W trakcie dzisiejszej sesji poznamy wstępny odczyt (tzw. flash) PKB za III kw. Rynek zakłada, iż odczyt zaplanowany na godz. 10:00 wyniesie 1,6% r/r, wobec 0,8% r/r. uprzednio. Inwestorzy szacują, że dzisiejsza publikacja potwierdzi scenariusz odbicia gospodarczego w kolejnych kwartałach, stąd nie brak również prognoz zakładających wzrost nawet do 2,0% r/r. Szacuje się, iż dzisiejsze dane potwierdza odbicie w większości gałęzi gospodarki, jednak dzisiejsza publikacja nie będzie zawierać jeszcze analizy struktury wzrostu (dane te podane zostaną 29.11).

Dodatkowo GUS poda dane dot. inflacji CPI w październiku. Rynek nie spodziewa się znaczącej zmiany szacując dynamikę na 1,00% r/r. Dane to zostaną najprawdopodobniej przyćmione przez zaprezentowany wyżej odczyt w zakresie flash GDP.

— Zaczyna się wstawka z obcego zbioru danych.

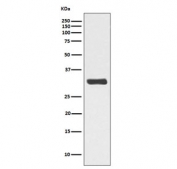 Western blot testing of lysate from human HeLa cells treated with Calyculin A, with phospho-RPA32 antibody (pT21). Predicted molecular weight ~32 kDa.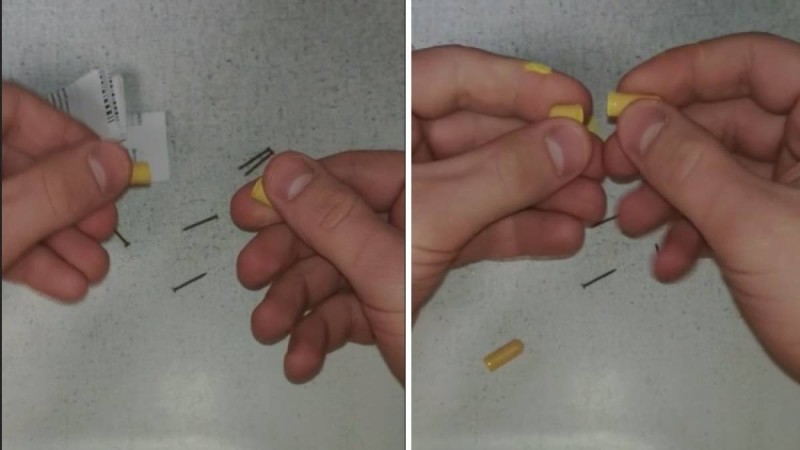 Ішінде шегесі бар асқазан дәрісі түсірілген видео таралып жатыр (видео)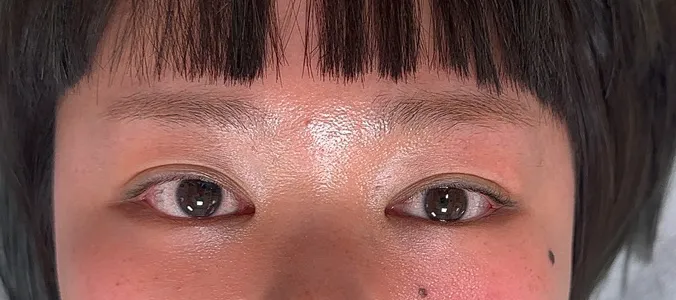 アイラインアートメイク 施術前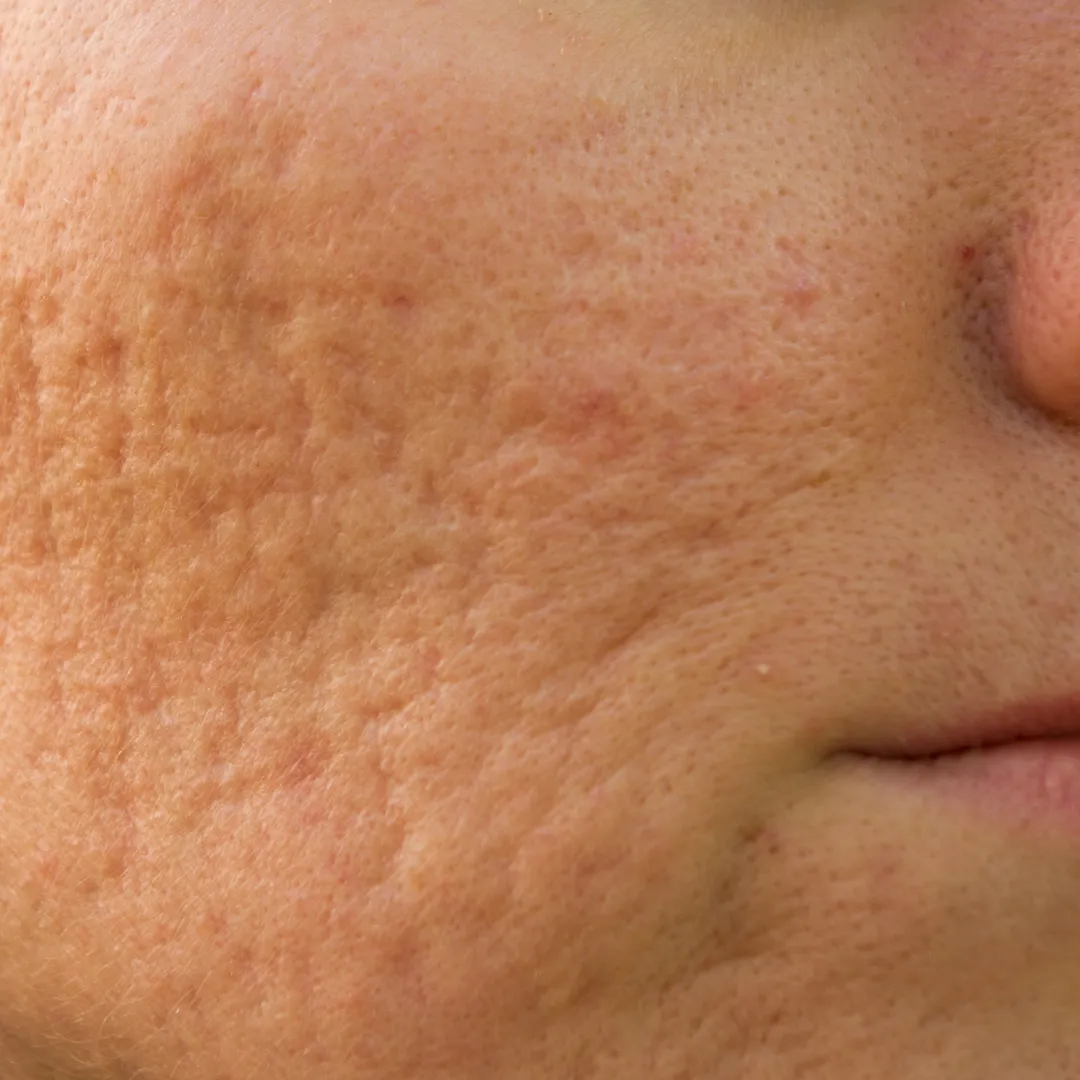 Acne scars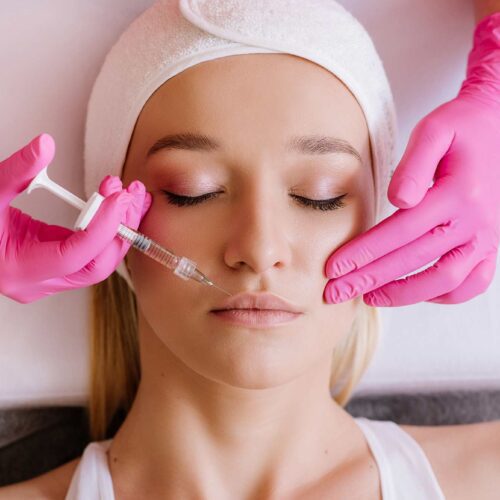 Lip Filler Swelling Stages and Complications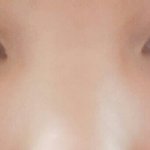 얘들아 나 코수술 해야 할까 ㅜㅜ?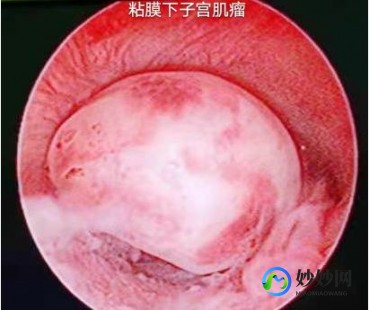 做一次宫腔镜价格,2024杭州宫腔镜检查手术要多少钱？哪里做宫腔镜检查手术好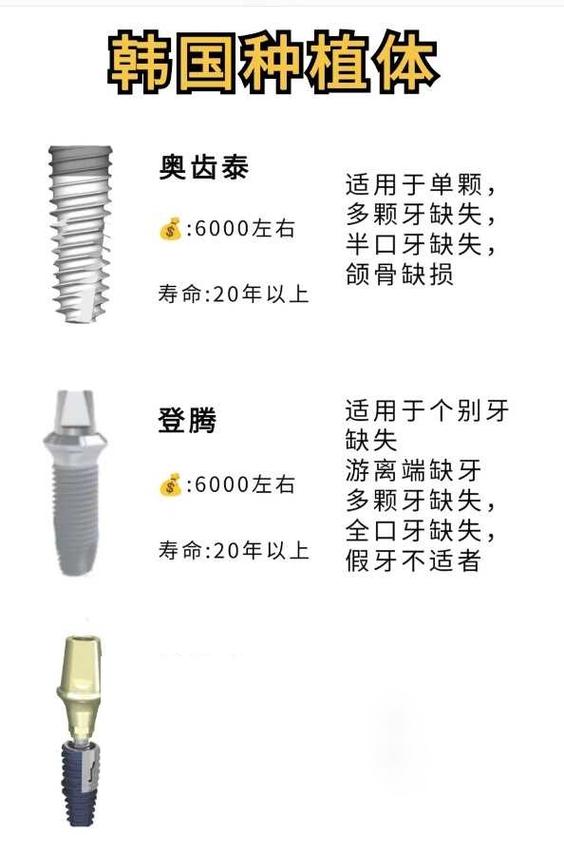 种植牙能管用多少年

Z rynkowego punktu widzenia trwającą od dwóch sesji korekta wzrostowa na złotym może otrzymać dzisiaj wsparcie ze strony lepszych odczytów makroekonomicznych. Dodatkowo potencjalnie bardziej gołębie stanowisko ze strony J. Yellen może przełożyć się na spadek wyceny amerykańskiego dolara na rynkach, co bezpośrednio wesprzeć powinno bardziej ryzykowne waluty jak np. koszyk CEE. Z technicznego punktu widzenia naruszyliśmy zakres 4,20 EUR/PLN, co sugeruje, iż złoty może ponownie znaleźć się w rejonie konsolidacji 4,16-4,18 EUR/PLN.